COVID-19, despensas y narco

Fotografía: Flickr Eneas de Troya


La violencia criminal en México es uno de los retos de seguridad más importantes para el país. Este artículo es el primero de una serie que busca abrir un espacio para la reflexión y discusión de este y otros tipos de violencias, a la luz de los impactos de la pandemia por el COVID-19.
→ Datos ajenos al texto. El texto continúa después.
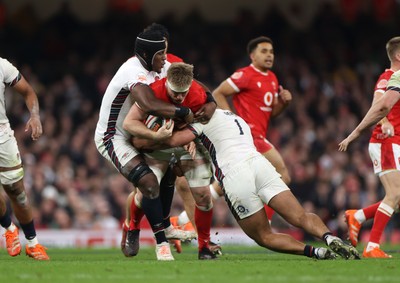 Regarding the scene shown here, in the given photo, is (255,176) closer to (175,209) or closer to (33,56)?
(175,209)

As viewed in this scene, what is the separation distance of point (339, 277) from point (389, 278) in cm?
41

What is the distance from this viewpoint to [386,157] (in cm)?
1148

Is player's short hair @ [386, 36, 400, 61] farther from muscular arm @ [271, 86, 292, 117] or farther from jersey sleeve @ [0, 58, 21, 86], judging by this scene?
jersey sleeve @ [0, 58, 21, 86]

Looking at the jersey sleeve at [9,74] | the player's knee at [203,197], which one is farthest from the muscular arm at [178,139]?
the jersey sleeve at [9,74]

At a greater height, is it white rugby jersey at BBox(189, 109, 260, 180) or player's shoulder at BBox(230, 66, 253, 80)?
player's shoulder at BBox(230, 66, 253, 80)

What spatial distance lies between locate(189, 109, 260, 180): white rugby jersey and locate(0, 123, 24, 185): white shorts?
7.03ft

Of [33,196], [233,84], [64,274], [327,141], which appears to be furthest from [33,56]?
[64,274]

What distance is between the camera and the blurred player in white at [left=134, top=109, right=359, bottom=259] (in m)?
10.1

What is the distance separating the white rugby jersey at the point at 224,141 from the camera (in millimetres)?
10367

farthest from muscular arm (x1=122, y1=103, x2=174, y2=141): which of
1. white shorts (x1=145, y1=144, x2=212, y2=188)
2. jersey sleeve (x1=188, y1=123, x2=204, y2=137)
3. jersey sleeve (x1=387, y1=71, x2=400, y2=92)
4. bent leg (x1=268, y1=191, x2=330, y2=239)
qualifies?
jersey sleeve (x1=387, y1=71, x2=400, y2=92)

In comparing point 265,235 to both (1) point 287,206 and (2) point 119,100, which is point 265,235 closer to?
(1) point 287,206

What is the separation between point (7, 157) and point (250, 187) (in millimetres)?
2841

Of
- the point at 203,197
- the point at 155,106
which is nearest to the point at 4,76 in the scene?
the point at 155,106

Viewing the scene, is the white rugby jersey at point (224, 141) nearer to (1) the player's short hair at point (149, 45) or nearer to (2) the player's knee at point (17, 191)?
(1) the player's short hair at point (149, 45) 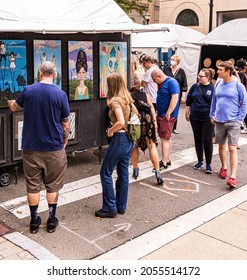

Por: Sandra Ley, Profesora Investigadora DEP y Guillermo Vázquez del Mercado, Profesor Asociado DEP

Difícilmente otro evento ha generado un impacto en la salud y en la economía mundial como la pandemia y cuarentena generada por el COVID-19. En México, sin embargo, el virus llegó en medio de una profunda crisis de violencia que ha seguido en curso a pesar de la pandemia. Por ejemplo, el 21 de abril fue el día en el que 144 personas murieron por el virus en México, mientras que el día previo, 114 asesinatos tuvieron lugar en todo el país. Por un lado, estas cifras revelan la creciente letalidad del virus. Por el otro, reflejan la continua actividad y violencia de las organizaciones criminales en México.

En semanas recientes ha llamado la atención la clara combinación del uso de la violencia con la provisión de bienes por parte de los grupos criminales. Por diversas notas periodísticas, sabemos de al menos cinco estados (Jalisco, Michoacán, San Luis Potosí, Veracruz y Tamaulipas) en donde diferentes organizaciones criminales han realizado entregas de despensas a diversos sectores de la población. Es importante señalar, sin embargo, que estas acciones no son nuevas y responden a motivaciones diversas que van desde la disputa del control territorial al estado, búsqueda de legitimidad, conformación de una base social de apoyo y hasta el posicionamiento de marca.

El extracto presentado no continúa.